Shining Girls review – Elisabeth Moss is perfect for this time-hopping thriller

You couldn’t hope for a better anchor … Elisabeth Moss in Shining Girls.
You couldn’t hope for a better anchor … Elisabeth Moss in Shining Girls. Photograph: AP

I understand, entirely, if you are a bit done with murderers – serial, one-offs, opportunistic, take your pick from the array forever before us on our screens. Or simple terrorisers of women. But I would urge, even if that is your current position, to give Shining Girls (Apple TV+) a try, though the premise may be unalluring.

The premise, taken from the 2013 novel of nearly the same name by Lauren Beukes, is that six years ago, Kirby Mazrachi (Elisabeth Moss) survived a near-fatal attack by an unknown assailant who was never caught. Since then she has been experiencing shifting realities. Sometimes the alterations are small and a pet cat is now a pet dog, or she returns to a different desk at work; sometimes they are large and she finds her hot mess of a mother reborn in a more literal sense than usual as an evangelical Christian, or that Kirby herself is now married to a man called Marcus instead of still isolated and single. One constant is that she is always a newspaper archivist with the Sun Times (her story, which is more central than in the book, is set in early 90s Chicago), the closest she could manage to her ambition of becoming a reporter in the wake of the life-changing assault.
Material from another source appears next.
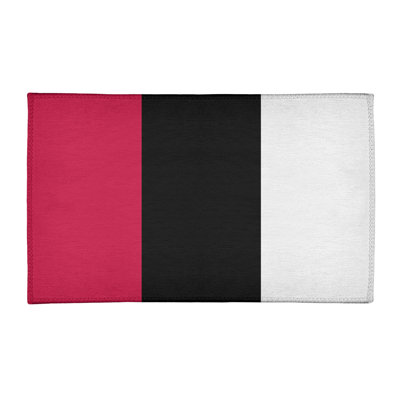 Tapis rouge/noir rayé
When the body of a young woman with seemingly identical but this time fatal wounds to Kirby’s is discovered in the city’s sewers, she joins forces with reporter Dan (Wagner Moura) to investigate and track down what seems to be, despite impossible timelines crisscrossing decades, a serial killer. The viewer is far ahead of them here – possibly too far, making the pair seem slightly dim rather than dogged – because we have seen the mysterious man at work. The man is Harper (played very unsettlingly and very brilliantly by Jamie Bell) and he seems unstoppable as he chooses his next victim, astronomer Jin-Sook (Phillipa Soo), whose job hints at the physics and metaphysics that will play a part in unravelling the knotty plot.
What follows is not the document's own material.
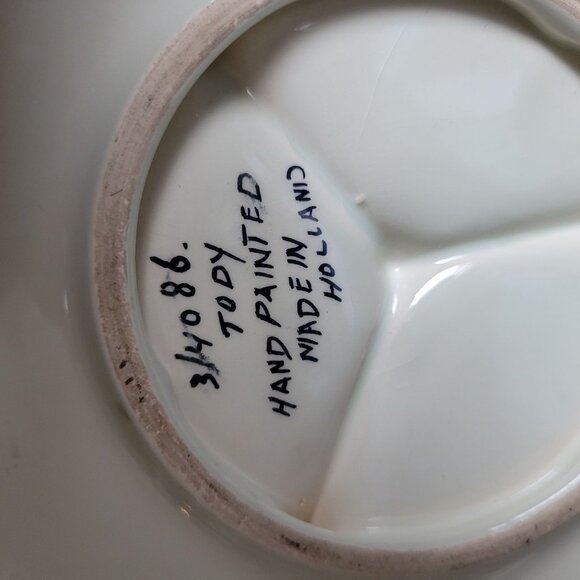 Hand Painted Tody Divided Dish With Gold Trim Made In Holland - Picture 6 of 6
Moss is, as ever, ferociously intense and attentive to the minutest shift in her character’s mood or suffering. She is unflinching and unsentimental in every role she takes, and you couldn’t hope for a better anchor for a project that could easily otherwise become hokey. Time travel is frequently less of a high concept than a deep trap, which is why Russian Doll – also grounded by a powerhouse performance by a female lead – remains such a marvel.
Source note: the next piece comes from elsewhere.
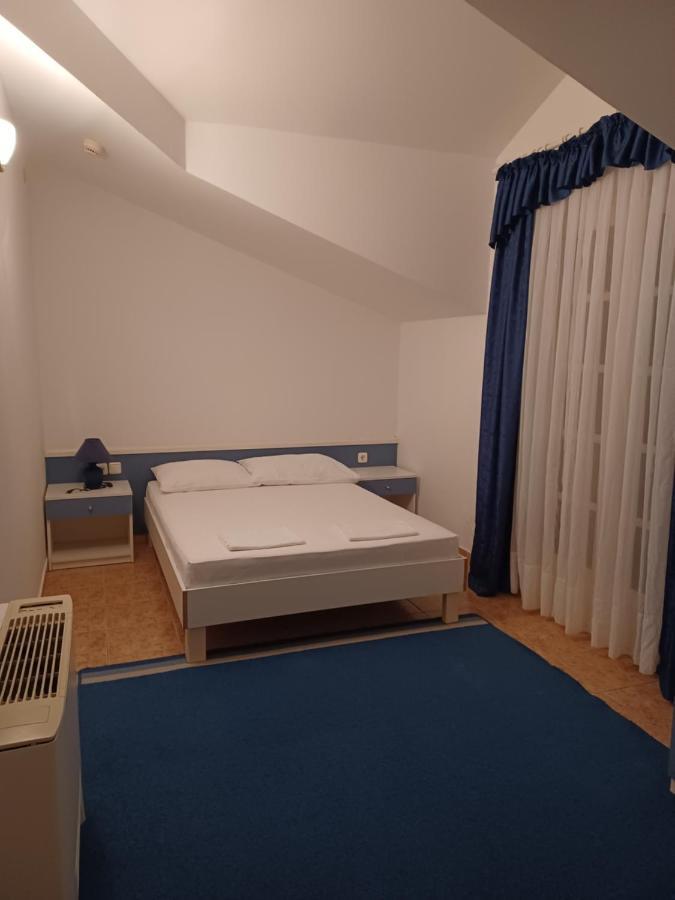 Hotel Ivan Dujmovic Dvori Bol Zewnętrze zdjęcie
When you add Moss’s remarkable, nuanced performance to the slightly slow pacing and the audience being arguably too far ahead of the protagonists, Shining Girls works better as a character study than a thriller (though it’s certainly worth watching as the latter). Kirby’s constant renegotiation of a world that changes without notice or permission around her is as fine an evocation of the profound and lingering results of trauma as you’ll see. To live a life suddenly full of unknowns, with the familiar made unfamiliar, the trustworthy now tainted by terrible knowledge, is something anyone who has been assaulted will recognise. One reality is replaced by another and another and another as you take two steps forwards and one back towards a new normality. Even as the female victim count adds up, Shining Girls keeps its integrity and never backs away from this underlying truth.